Metzenbaum's criticism of the wave of thrift mergers and sales in 1988 came as he and other members of the Judiciary Committee's subcommittee on antitrust, monopolies and business rights wrapped up an extended inquiry into the acquisition by Arizona businessman James M. Fail of 15 thrifts that were merged into what is now the Bluebonnet Savings Bank. That transaction, for which Fail put up only $1,000 in cash and $70 million in borrowed funds, will cost taxpayers up to $3 billion, Metzenbaum has argued.
Illustrating the soaring cost of the deal, Metzenbaum said yesterday that the federal subsidy for Bluebonnet will total $573 million next year, almost 60 percent more than earlier predictions.

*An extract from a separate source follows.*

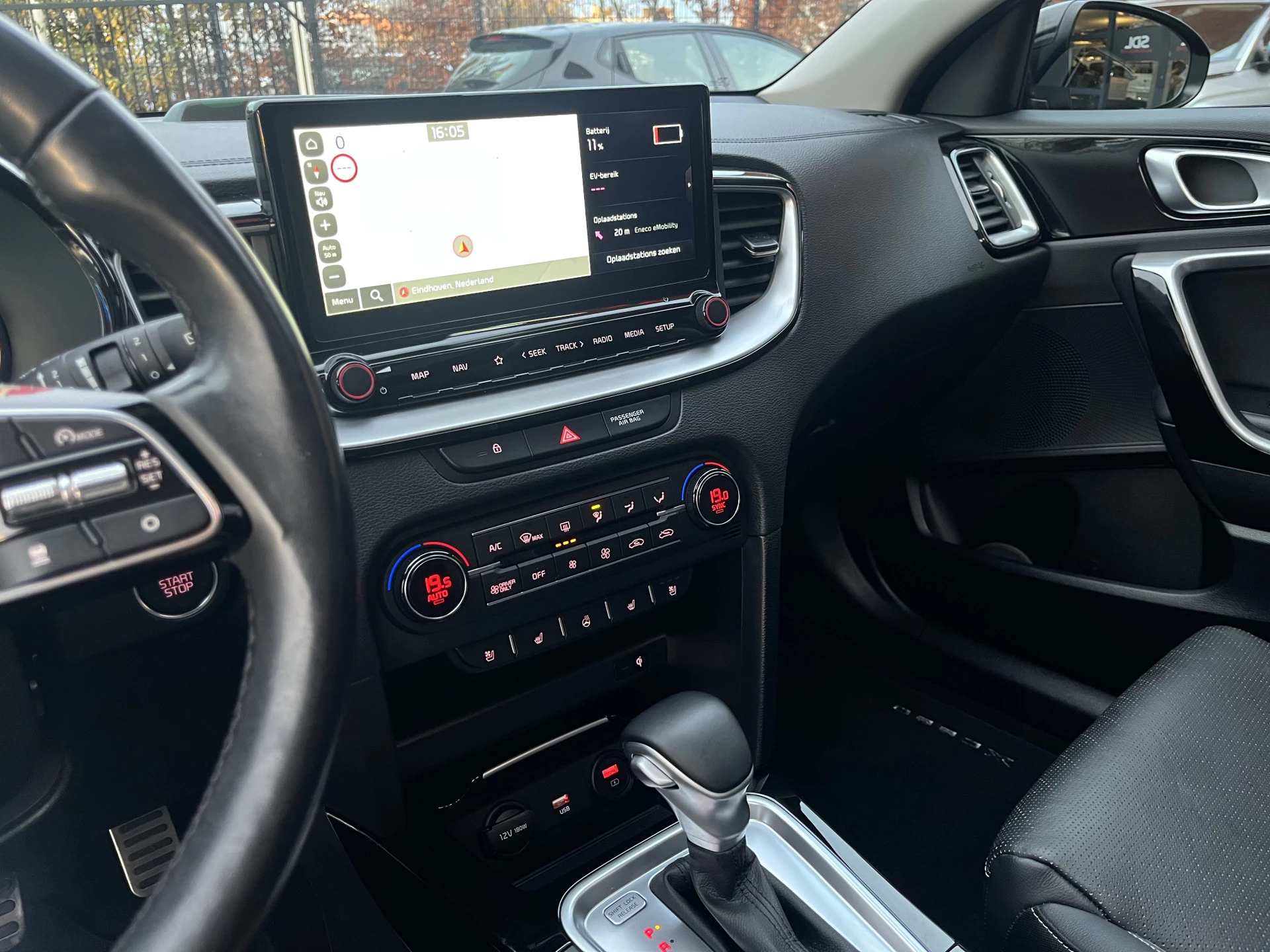 Hoofdafbeelding Kia XCeed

"James Fail was not the only shark attracted to these deals," said Metzenbaum.
Members of the subcommittee yesterday sharply questioned Robert J. Thompson, a lobbyist who had been an aide to George Bush when he was vice president. Thompson helped Fail win approval for the thrift acquisitions despite a history of legal and regulatory problems that regulators have since said should have disqualified Fail.
Sen. Arlen Specter (R-Pa.) charged that some of the compensation and benefits received by Thompson for his work was "highly irregular." In addition to a $160,000 bonus for completing the transaction, Thompson got a $350,000 loan from Bluebonnet and another $150,000 loan from a company owned by Fail, and stands to earn 2 percent of whatever profits Fail receives from the thrift.
Thompson, replying to claims by Metzenbaum that he had traded on his relationship with senior government officials, said, "I feel very strongly one reason I am here was that I used to work for George Bush."
"This matter doesn't involve George Bush," responded Specter. "This matter involves Robert Thompson and James Fail and the acquisition of thrifts under highly suspicious circumstances."
The subcommittee also released documents that show that some federal regulators were aware that a company controlled by Fail had been convicted of securities fraud in a 1976 Alabama case. That disclosure was made to the Texas regional director of the Federal Deposit Insurance Corp. nine months before regulators approved Fail's application to take over the 15 Texas thrifts. Some regulators had previously testified they were unaware of the conviction.